RAW DATA below:

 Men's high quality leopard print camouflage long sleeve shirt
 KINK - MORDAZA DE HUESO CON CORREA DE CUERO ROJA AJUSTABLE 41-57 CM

End of RAW DATA.
RAW DATA below:

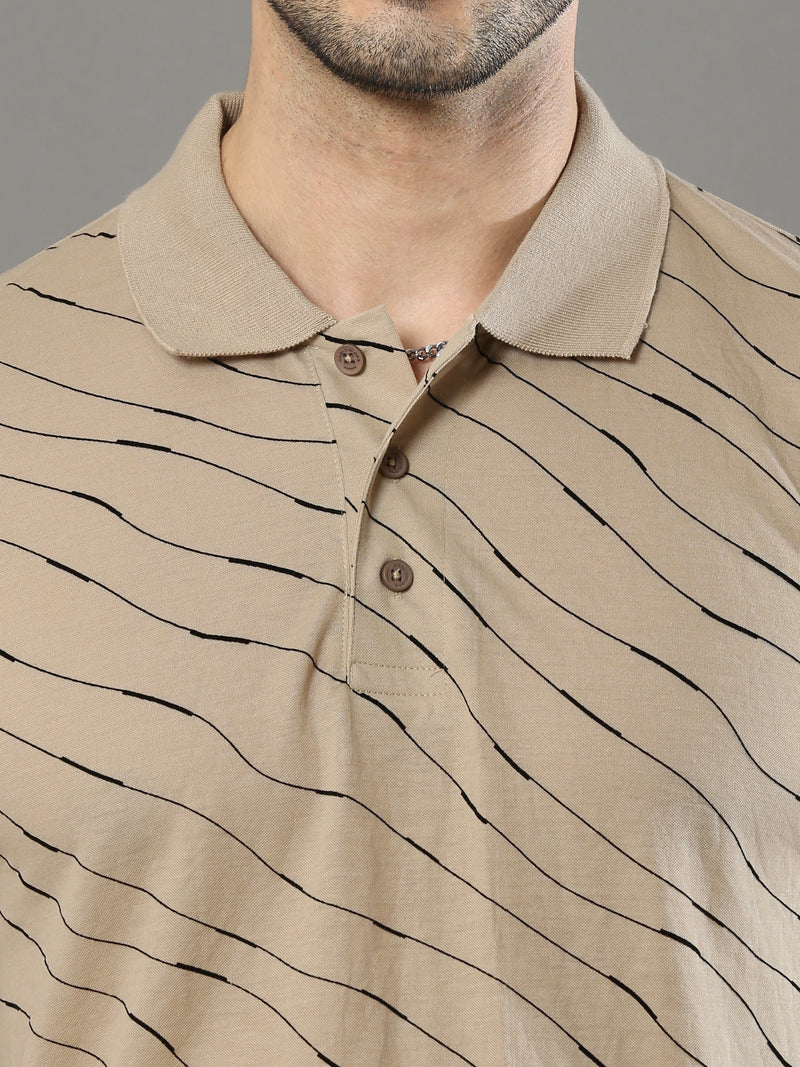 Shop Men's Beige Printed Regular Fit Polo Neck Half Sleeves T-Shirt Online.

End of RAW DATA.

§ WHAT YOU HAVE TO DO: Could you reproduce exactly the lines of the entries above, from the one with "Men's high quality" through the one with "KINK - MORDAZA", and nothing else?

§ RESPONSE TO THIS TASK:
 Men's high quality leopard print camouflage long sleeve shirt
 KINK - MORDAZA DE HUESO CON CORREA DE CUERO ROJA AJUSTABLE 41-57 CM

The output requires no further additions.